Does anyone else have similar feelings? Can anyone offer a different perspective that might change the way I look at defenders? I'm looking forward to the discussion and hearing other opinions.

Tormsskull
2008-09-10, 01:44 PM
Does anyone else have similar feelings? Can anyone offer a different perspective that might change the way I look at defenders? I'm looking forward to the discussion and hearing other opinions.

I don't get that feeling at all. You seem to be looking for a specific numerical advantage for this ability, but that's not what it does (in this case).

If the -2 is enough to convince the marked enemy to attack the Defender, then it wasn't useless, it convinced them to attack the Defender.

If the enemy was going to attack the Defender anyway, and the Defender marked them, then you could make some kind of an argument that it did not have a direct effect, but IIRC it carries on to the next round so it serves as an ongoing incentive for the enemy to continue attacking the Defender.

This gives the Defender a degree of aggro management.

Marshall
2008-09-10, 01:51 PM
Look at it this way.

In my party, we have a Dwarven Sword and Board warrior, who at level 2 has AC 3-4 points better than the rest of the party, higher HP, more surges (with a higher surge value), and can use Second Wind as a minor action. He hits decently hard.
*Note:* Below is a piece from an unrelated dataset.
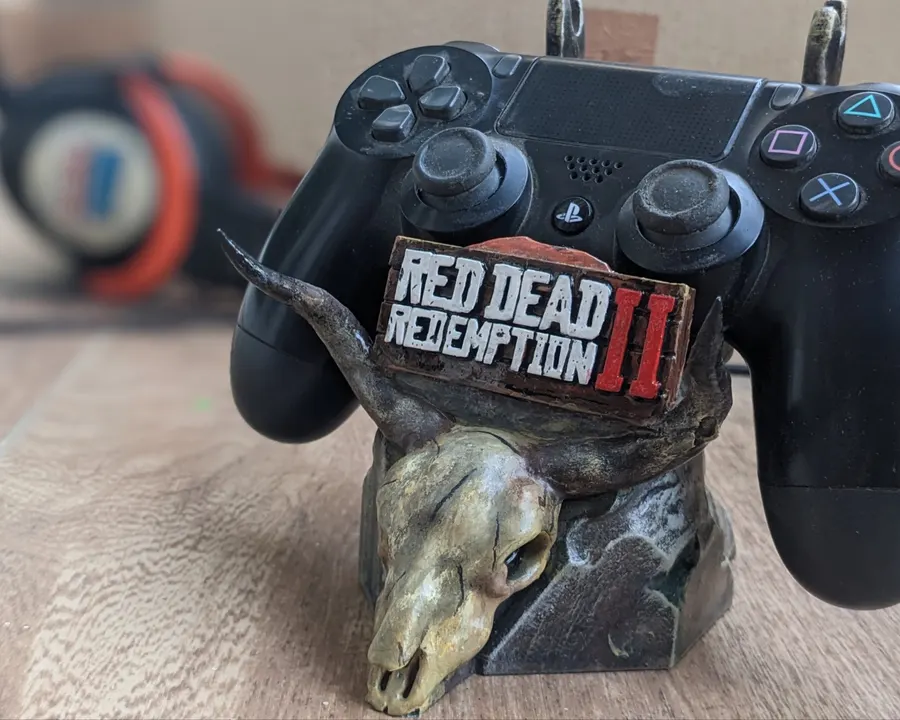 A hand-painted controller stand shaped like a horned skull, holding a game controller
We also have a halfling rogue that has much worse AC, HP, and surges, and hits for ridiculous damage.

Monsters getting hit by the warrior feel it. When the rogue guts them with backstabber and sly flourish, they don't just feel it, they hate life. The monster, if it had a brain in its head, would get the heck away from that rogue, but can't so it should kill the rogue...

But, if the monster hits the rogue, the warrior gets a free swing... which means even more pain. Honestly, it's a lose-lose for the monster, unless it thinks it can take the rogue out of the fight in one hit.

I have my monsters decide, many times, to attack 'the bigger threat' even through a mark... it depends on the situation, the monster, etc... but marking isn't a 100% 'never attack someone else'. i think it works pretty well.

Mark Hall
2008-09-10, 01:55 PM
I disagree with you.

The purpose of a mark is to force other people to go after you, or suffer the consequences. It is not that they hope to get no uses out of it, but that the cost of ignoring it is hopefully so high that the person will do what the defender wants... which is to attack the defender.

That said, it's important to use your marks wisely. Marking my wizard is a bad idea for a heavy fighter, since I'll smash him with Reflex or Will saves.

Douglas
2008-09-10, 02:01 PM
A Defender's job is to protect the other party members. He can do this either by being hit instead of them or by making them harder to hurt.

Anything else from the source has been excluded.